As you think about social concern posters think about the context and the message that you are trying to bring across. It does not need to be an elaborate poster in order for you to get your idea across.

One final example for you to look at :) Have a great Monday :)

Monday, September 12, 2011

logo design

Logo Design;
Through designing logos I have learnt that the best logo is not always the most beautiful logo. It is the logo that represents the company/client and symbolizes what they are about. Below is an article I found about the process that went into designing the very memorable Nike logo.

The origin of the mark goes like this: Knight wanted to differentiate BRS's custom product from the ones they were importing from Onituska in Japan: " Knight turned to a graphic design student he met at Portland State University two years earlier." One day in 1969, the student, Carolyn Davidson, was approached by Knight and offered $2 per hour "to make charts and graphics" for his business. For the next two years Davidson managed the design work on BRS. "Then one day Phil asked me if I wanted to work on a shoe stripe," Davidson recalled. The only advice she received was to "Make the stripe supportive of the shoe." Davidson came up with half a dozen options.None of the options "captivated anyone" so it came down to "which was the least awful."
Well, the rest is history. And the Swoosh emerged from "the stripe" and is one of the most recognized logos in the world.

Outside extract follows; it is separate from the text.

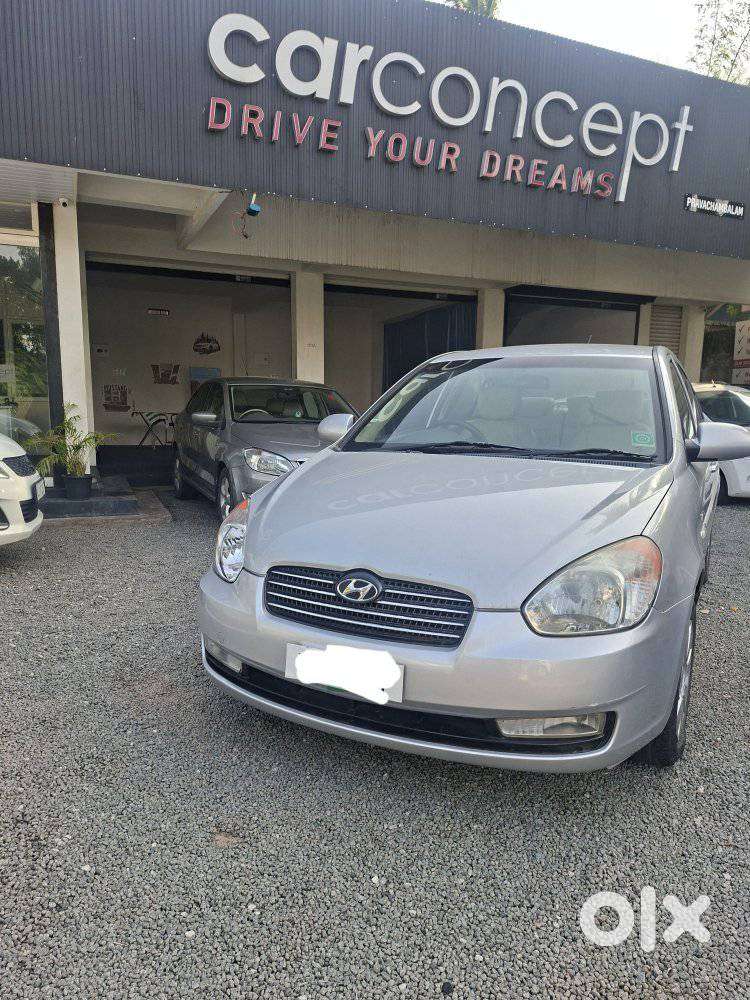 Hyundai Verna, 2007, Petrol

- I find it interesting that no one particularly liked the logo that Davidson came up with at first, but now the Nike swoosh is well known all over the world. While perhaps Davidson could have created a more "beautiful" logo, the logo she created was memorable, it worked. I enjoy looking at the pictures below and seeing how she played with the placement of the swoosh and with how many swooshes there were. In logo design it can be helpful once you have the general design you want, to play around with it, its positioning, ect. because that can help you come up with something even better. Input from others can also help a lot!
(if you go to the website you can see the images in a larger size)

Tuesday, September 6, 2011

Typographic Syntax;
the process of arranging elements into a cohesive whole. The point of typographic syntax is to not rely upon illustration in order to give meaning to the word. Rather, it is bringing meaning across through the arrangement of the elements, the type.

The two logos below are excellent examples of typographic syntax. The arrangement of elements (letters) or lack of letters, helps further the meaning of the word without the use of illustration. Both of these examples show the type of stuff you should be doing for class.

In the first example, blank space the lack of the a in blank and space create an empty space,
thus bringing visual representation to the word without using illustration. Simply just leaving the letter out works great.

The second example, minus takes the I from minus removes it and flips it on its side to create a minus symbol. This combined with the the empty space that is now left from where the I was also helps enhance the meaning of the word.

An important thing to remember, which I mentioned previously, is to not use illustration to bring about further meaning. You should rely on changing the arrangement of the letters to help enhance the meaning of the word, not using illustrations.